Handling the human factor in industrial cyber security

Handling the human factor in industrial cyber security

Industrial Cyber Security

The first of those can be the hardest to get right.

Much of the value delivered by modern industrial automation comes from increasing levels of integration. Companies in many sectors rely on the ability to monitor and control equipment remotely, to collect and share data, and to analyse that data to drive operational and business decisions.

These advances have brought new risks, however. Industrial automation systems can be valuable targets for malicious actors – from amateur hackers, to organised criminal groups or state-sponsored organisations. And greater connectivity means more possible access points for those attackers. There’s no easy fix for industrial cyber-security. Organisations involved with automation systems need to consider the security implications of every decision they make, from technology selection, to operating policies and maintenance processes.

They also need to think about their people. While the popular perception of cyber-attack involves remote groups finding and exploiting technical weaknesses in security infrastructure, the majority of real-world attacks rely on human fallibility. Authorised users can be tricked into disclosing passwords or installing malicious software using carefully crafted ‘phishing’ emails. Disgruntled employees can be incentivised to pass on access credentials. Old, weak or default passwords can be vulnerable to simple and widely available hacking tools. One study suggests that 60 per cent of all cyber-attacks against businesses are conducted or enabled by insiders, and three quarters of those events involved malicious intent1. Managing and mitigating these risks requires a systematic approach. Based on experience, we have summarised six key good practice suggestions that should be considered by any organisation with potentially sensitive industrial operational technology (OT) infrastructure.

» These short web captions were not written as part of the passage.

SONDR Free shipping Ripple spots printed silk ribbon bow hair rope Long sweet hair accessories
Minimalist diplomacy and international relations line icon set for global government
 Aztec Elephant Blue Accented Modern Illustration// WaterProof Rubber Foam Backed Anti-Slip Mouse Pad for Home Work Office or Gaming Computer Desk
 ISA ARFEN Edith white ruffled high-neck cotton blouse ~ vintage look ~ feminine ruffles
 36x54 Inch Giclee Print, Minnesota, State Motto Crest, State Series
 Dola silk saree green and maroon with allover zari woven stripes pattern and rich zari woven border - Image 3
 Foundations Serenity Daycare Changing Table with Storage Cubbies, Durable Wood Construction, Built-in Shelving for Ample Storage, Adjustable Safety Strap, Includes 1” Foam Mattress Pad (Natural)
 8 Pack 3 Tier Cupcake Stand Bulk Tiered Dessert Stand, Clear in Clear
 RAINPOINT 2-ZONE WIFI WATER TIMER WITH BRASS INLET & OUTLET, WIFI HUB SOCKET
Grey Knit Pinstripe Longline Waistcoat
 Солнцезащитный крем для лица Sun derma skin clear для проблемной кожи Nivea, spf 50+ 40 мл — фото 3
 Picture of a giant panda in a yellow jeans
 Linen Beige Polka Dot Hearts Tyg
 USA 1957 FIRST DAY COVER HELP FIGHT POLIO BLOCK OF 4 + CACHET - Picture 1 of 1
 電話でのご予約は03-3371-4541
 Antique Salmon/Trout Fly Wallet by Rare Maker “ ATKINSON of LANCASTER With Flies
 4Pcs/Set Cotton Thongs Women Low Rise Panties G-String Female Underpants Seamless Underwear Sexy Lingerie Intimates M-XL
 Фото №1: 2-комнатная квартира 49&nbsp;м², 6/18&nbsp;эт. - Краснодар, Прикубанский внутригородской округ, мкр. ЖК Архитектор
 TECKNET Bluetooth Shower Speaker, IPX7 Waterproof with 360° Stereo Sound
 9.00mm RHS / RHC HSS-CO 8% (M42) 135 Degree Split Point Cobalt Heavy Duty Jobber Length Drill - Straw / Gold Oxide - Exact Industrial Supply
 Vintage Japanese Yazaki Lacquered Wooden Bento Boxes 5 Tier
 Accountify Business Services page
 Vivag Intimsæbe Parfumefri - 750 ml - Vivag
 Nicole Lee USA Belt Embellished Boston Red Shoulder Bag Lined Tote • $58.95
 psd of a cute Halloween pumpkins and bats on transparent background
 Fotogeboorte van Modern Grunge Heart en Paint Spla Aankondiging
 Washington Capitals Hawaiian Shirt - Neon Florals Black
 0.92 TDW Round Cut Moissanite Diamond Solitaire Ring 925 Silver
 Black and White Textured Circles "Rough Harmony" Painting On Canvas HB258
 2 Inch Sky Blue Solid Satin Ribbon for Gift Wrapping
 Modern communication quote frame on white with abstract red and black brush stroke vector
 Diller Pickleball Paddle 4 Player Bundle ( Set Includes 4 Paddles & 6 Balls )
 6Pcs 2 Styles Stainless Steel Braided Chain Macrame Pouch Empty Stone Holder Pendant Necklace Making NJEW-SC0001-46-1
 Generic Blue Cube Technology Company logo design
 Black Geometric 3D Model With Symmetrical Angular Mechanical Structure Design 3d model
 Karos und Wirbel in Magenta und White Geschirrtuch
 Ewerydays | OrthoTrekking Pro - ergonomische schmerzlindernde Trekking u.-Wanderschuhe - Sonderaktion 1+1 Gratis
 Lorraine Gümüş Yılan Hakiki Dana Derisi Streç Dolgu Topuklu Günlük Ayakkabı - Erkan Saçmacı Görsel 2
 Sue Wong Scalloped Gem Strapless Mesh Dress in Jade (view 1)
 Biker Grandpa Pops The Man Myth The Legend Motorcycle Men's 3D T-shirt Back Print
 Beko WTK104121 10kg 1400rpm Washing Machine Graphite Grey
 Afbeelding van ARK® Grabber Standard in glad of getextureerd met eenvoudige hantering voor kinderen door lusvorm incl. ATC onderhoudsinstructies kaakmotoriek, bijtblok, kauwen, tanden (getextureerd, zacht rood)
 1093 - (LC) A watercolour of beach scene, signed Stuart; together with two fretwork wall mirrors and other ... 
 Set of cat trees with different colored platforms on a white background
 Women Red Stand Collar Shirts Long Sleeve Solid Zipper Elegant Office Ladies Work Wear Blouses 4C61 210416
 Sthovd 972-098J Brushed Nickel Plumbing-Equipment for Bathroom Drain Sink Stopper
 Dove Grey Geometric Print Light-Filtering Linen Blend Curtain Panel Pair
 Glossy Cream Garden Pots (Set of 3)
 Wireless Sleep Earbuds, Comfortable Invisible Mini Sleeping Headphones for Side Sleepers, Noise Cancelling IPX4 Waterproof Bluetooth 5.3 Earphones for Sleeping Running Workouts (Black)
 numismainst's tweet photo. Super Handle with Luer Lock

Invest in appropriate capabilities
Your organisation’s dedicated IT security team should be sized and skilled to manage the complexity and risk level of its systems. Even in businesses with extensive, complex and business critical infrastructure, it is not uncommon to find that security is the responsibility of one or two individuals. Technology can improve the effectiveness of security personnel for example, through the use of automated analytics technologies to detect intrusions or unusual behaviour but skilled people are still necessary to create contingency plans and react to incidents when they occur. Where industrial automation security falls under the remit of the corporate IT function, those staff need to understand the particular challenges of automation technologies. And the
rapidly evolving nature of cyber threats means staff must have the time, resources and support necessary to stay current.

Educate and engage your people
Everyone in the business should see cyber-security as a personal responsibility. That means training staff in good practices, such as enforcing strong passwords, keeping access credentials secure and logging out of sensitive systems when tasks are complete. It also calls for cultural change. Operations personnel may have spent much of their careers working on isolated machines, the transition to a connected world, where a security weakness in one part of the system can create vulnerabilities elsewhere, will call for a new way of thinking.

Test your defences
Leading companies verify the effectiveness of cyber-security training by testing their people. They may, for example, send their own ‘phishing’ emails to users asking them to reveal sensitive access information or access potentially unsafe internet links. Analysis of real-world attacks reveals that 12 per cent of recipients click on links presented to them in phishing mails2. Crafting highly tailored ‘spear-phishing’ mails can be a useful way to check and reinforce good practice among staff involved with the organisation’s industrial automation systems. Staff evaluation and review processes should consider security risks, including checking that employees have received suitable training, ensuring access permissions are updated as roles change, and watching for signs of dissatisfaction or inappropriate behaviour.

Facilitate best practices
Wherever possible, good security practice should be built into system design. This can be facilitated in many ways, from providing strong password generators wherever users create or update access credentials, to ensuring that individuals are given access only to the systems and functions necessary to fulfil their roles. Preventing the use of removable media or enforcing encryption can help to reduce data theft.

Learn from bad experiences
Nobody is proud of failures in their cyber-security, but breaches and violations of good practice are inevitable. Rather than keeping these issues quiet, the best companies use them as a learning tool. Sharing the details of an issue in one part of the organisation can reveal opportunities for improvements elsewhere, and can be a powerful way to further reinforce the importance of vigilance across the business.

Think about the supply chain
All industrial automation systems rely on external suppliers and partners. Those partners may develop, install or maintain significant parts of the system, or they may provide services that require them to connect to it. The nature of their work means those external organisations are part of your cyber-security infrastructure. You need processes in place to ensure they are playing their role. That can include audits and assessments of supplier security technologies, policies and processes, as well as the inclusion of security-related terms in contracts and service agreements.

Your organisation’s people are a critical-link in the cyber-security chain. With the right processes, training and support in place, a company can turn the human factor from a significant vulnerability into a key strength.